PROBLEM DESCRIPTION: Print all the entries verbatim.

[Data entries]
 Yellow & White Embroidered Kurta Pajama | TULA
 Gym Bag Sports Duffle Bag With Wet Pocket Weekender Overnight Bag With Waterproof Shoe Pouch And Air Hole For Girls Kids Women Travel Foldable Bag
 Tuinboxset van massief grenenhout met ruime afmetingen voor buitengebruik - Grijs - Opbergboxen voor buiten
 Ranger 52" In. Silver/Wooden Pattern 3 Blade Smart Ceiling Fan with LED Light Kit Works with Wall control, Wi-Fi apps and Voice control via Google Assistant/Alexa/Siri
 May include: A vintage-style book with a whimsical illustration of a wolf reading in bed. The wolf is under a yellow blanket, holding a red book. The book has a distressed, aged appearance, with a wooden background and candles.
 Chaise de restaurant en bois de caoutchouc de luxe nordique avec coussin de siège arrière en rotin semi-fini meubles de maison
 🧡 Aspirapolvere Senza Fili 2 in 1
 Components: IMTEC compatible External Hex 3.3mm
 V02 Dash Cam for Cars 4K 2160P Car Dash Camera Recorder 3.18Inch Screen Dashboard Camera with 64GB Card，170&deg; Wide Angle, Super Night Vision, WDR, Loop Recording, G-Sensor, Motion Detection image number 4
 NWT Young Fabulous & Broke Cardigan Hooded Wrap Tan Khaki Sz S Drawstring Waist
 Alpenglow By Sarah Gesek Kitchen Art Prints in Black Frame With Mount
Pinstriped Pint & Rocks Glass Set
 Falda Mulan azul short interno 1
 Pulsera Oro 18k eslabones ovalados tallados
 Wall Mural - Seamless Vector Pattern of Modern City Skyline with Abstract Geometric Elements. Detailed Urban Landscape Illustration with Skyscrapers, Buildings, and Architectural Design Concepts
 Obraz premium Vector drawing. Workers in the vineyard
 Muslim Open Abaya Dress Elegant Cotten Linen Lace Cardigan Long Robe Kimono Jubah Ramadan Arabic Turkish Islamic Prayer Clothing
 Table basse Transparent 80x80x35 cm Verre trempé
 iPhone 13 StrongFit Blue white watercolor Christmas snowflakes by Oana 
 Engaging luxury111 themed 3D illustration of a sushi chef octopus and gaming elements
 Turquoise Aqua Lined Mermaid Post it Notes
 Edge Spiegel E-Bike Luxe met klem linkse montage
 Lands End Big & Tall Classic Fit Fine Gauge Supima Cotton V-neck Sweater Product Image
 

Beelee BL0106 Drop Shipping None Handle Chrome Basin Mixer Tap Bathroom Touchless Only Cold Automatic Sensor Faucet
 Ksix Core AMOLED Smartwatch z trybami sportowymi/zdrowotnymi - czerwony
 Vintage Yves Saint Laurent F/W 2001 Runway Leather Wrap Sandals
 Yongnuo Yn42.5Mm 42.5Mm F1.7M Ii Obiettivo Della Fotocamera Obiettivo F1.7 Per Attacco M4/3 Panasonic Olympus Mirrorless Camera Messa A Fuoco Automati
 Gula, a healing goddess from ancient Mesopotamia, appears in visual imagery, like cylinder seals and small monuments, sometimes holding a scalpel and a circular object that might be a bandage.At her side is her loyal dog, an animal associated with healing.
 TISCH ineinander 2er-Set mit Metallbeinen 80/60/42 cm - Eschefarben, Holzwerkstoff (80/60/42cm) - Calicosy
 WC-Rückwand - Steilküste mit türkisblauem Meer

REPLY:
 Yellow & White Embroidered Kurta Pajama | TULA
 Gym Bag Sports Duffle Bag With Wet Pocket Weekender Overnight Bag With Waterproof Shoe Pouch And Air Hole For Girls Kids Women Travel Foldable Bag
 Tuinboxset van massief grenenhout met ruime afmetingen voor buitengebruik - Grijs - Opbergboxen voor buiten
 Ranger 52" In. Silver/Wooden Pattern 3 Blade Smart Ceiling Fan with LED Light Kit Works with Wall control, Wi-Fi apps and Voice control via Google Assistant/Alexa/Siri
 May include: A vintage-style book with a whimsical illustration of a wolf reading in bed. The wolf is under a yellow blanket, holding a red book. The book has a distressed, aged appearance, with a wooden background and candles.
 Chaise de restaurant en bois de caoutchouc de luxe nordique avec coussin de siège arrière en rotin semi-fini meubles de maison
 🧡 Aspirapolvere Senza Fili 2 in 1
 Components: IMTEC compatible External Hex 3.3mm
 V02 Dash Cam for Cars 4K 2160P Car Dash Camera Recorder 3.18Inch Screen Dashboard Camera with 64GB Card，170&deg; Wide Angle, Super Night Vision, WDR, Loop Recording, G-Sensor, Motion Detection image number 4
 NWT Young Fabulous & Broke Cardigan Hooded Wrap Tan Khaki Sz S Drawstring Waist
 Alpenglow By Sarah Gesek Kitchen Art Prints in Black Frame With Mount
Pinstriped Pint & Rocks Glass Set
 Falda Mulan azul short interno 1
 Pulsera Oro 18k eslabones ovalados tallados
 Wall Mural - Seamless Vector Pattern of Modern City Skyline with Abstract Geometric Elements. Detailed Urban Landscape Illustration with Skyscrapers, Buildings, and Architectural Design Concepts
 Obraz premium Vector drawing. Workers in the vineyard
 Muslim Open Abaya Dress Elegant Cotten Linen Lace Cardigan Long Robe Kimono Jubah Ramadan Arabic Turkish Islamic Prayer Clothing
 Table basse Transparent 80x80x35 cm Verre trempé
 iPhone 13 StrongFit Blue white watercolor Christmas snowflakes by Oana 
 Engaging luxury111 themed 3D illustration of a sushi chef octopus and gaming elements
 Turquoise Aqua Lined Mermaid Post it Notes
 Edge Spiegel E-Bike Luxe met klem linkse montage
 Lands End Big & Tall Classic Fit Fine Gauge Supima Cotton V-neck Sweater Product Image
 

Beelee BL0106 Drop Shipping None Handle Chrome Basin Mixer Tap Bathroom Touchless Only Cold Automatic Sensor Faucet
 Ksix Core AMOLED Smartwatch z trybami sportowymi/zdrowotnymi - czerwony
 Vintage Yves Saint Laurent F/W 2001 Runway Leather Wrap Sandals
 Yongnuo Yn42.5Mm 42.5Mm F1.7M Ii Obiettivo Della Fotocamera Obiettivo F1.7 Per Attacco M4/3 Panasonic Olympus Mirrorless Camera Messa A Fuoco Automati
 Gula, a healing goddess from ancient Mesopotamia, appears in visual imagery, like cylinder seals and small monuments, sometimes holding a scalpel and a circular object that might be a bandage.At her side is her loyal dog, an animal associated with healing.
 TISCH ineinander 2er-Set mit Metallbeinen 80/60/42 cm - Eschefarben, Holzwerkstoff (80/60/42cm) - Calicosy
 WC-Rückwand - Steilküste mit türkisblauem Meer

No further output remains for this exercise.